Task requirements
The listing below must be duplicated in full, with nothing altered.

Data supplied
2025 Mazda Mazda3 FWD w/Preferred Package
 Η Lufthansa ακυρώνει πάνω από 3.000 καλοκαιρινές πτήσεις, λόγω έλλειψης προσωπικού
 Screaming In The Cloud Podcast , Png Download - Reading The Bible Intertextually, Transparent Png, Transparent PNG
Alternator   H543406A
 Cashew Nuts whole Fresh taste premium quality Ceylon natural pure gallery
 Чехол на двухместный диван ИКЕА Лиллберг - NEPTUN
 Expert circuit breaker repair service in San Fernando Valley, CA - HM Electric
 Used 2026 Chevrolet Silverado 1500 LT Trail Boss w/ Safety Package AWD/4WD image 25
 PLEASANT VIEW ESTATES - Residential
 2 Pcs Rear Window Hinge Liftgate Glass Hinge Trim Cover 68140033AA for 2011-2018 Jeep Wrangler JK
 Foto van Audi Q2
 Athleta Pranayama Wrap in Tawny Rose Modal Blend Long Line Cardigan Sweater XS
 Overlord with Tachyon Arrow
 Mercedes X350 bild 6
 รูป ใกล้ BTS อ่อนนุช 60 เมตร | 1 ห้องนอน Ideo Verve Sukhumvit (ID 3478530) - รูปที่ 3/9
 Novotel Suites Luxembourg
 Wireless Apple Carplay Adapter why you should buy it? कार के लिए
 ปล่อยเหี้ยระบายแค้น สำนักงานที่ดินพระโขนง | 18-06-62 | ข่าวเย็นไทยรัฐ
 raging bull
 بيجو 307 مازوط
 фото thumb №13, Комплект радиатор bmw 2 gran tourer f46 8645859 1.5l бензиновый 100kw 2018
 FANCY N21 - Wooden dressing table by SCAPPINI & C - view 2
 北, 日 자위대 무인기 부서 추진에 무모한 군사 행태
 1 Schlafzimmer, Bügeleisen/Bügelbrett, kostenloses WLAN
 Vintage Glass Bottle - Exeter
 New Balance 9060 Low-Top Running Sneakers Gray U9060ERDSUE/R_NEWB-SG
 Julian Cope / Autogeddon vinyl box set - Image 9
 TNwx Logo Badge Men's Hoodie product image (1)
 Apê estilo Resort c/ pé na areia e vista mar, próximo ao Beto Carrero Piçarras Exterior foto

Answer box
2025 Mazda Mazda3 FWD w/Preferred Package
 Η Lufthansa ακυρώνει πάνω από 3.000 καλοκαιρινές πτήσεις, λόγω έλλειψης προσωπικού
 Screaming In The Cloud Podcast , Png Download - Reading The Bible Intertextually, Transparent Png, Transparent PNG
Alternator   H543406A
 Cashew Nuts whole Fresh taste premium quality Ceylon natural pure gallery
 Чехол на двухместный диван ИКЕА Лиллберг - NEPTUN
 Expert circuit breaker repair service in San Fernando Valley, CA - HM Electric
 Used 2026 Chevrolet Silverado 1500 LT Trail Boss w/ Safety Package AWD/4WD image 25
 PLEASANT VIEW ESTATES - Residential
 2 Pcs Rear Window Hinge Liftgate Glass Hinge Trim Cover 68140033AA for 2011-2018 Jeep Wrangler JK
 Foto van Audi Q2
 Athleta Pranayama Wrap in Tawny Rose Modal Blend Long Line Cardigan Sweater XS
 Overlord with Tachyon Arrow
 Mercedes X350 bild 6
 รูป ใกล้ BTS อ่อนนุช 60 เมตร | 1 ห้องนอน Ideo Verve Sukhumvit (ID 3478530) - รูปที่ 3/9
 Novotel Suites Luxembourg
 Wireless Apple Carplay Adapter why you should buy it? कार के लिए
 ปล่อยเหี้ยระบายแค้น สำนักงานที่ดินพระโขนง | 18-06-62 | ข่าวเย็นไทยรัฐ
 raging bull
 بيجو 307 مازوط
 фото thumb №13, Комплект радиатор bmw 2 gran tourer f46 8645859 1.5l бензиновый 100kw 2018
 FANCY N21 - Wooden dressing table by SCAPPINI & C - view 2
 北, 日 자위대 무인기 부서 추진에 무모한 군사 행태
 1 Schlafzimmer, Bügeleisen/Bügelbrett, kostenloses WLAN
 Vintage Glass Bottle - Exeter
 New Balance 9060 Low-Top Running Sneakers Gray U9060ERDSUE/R_NEWB-SG
 Julian Cope / Autogeddon vinyl box set - Image 9
 TNwx Logo Badge Men's Hoodie product image (1)
 Apê estilo Resort c/ pé na areia e vista mar, próximo ao Beto Carrero Piçarras Exterior foto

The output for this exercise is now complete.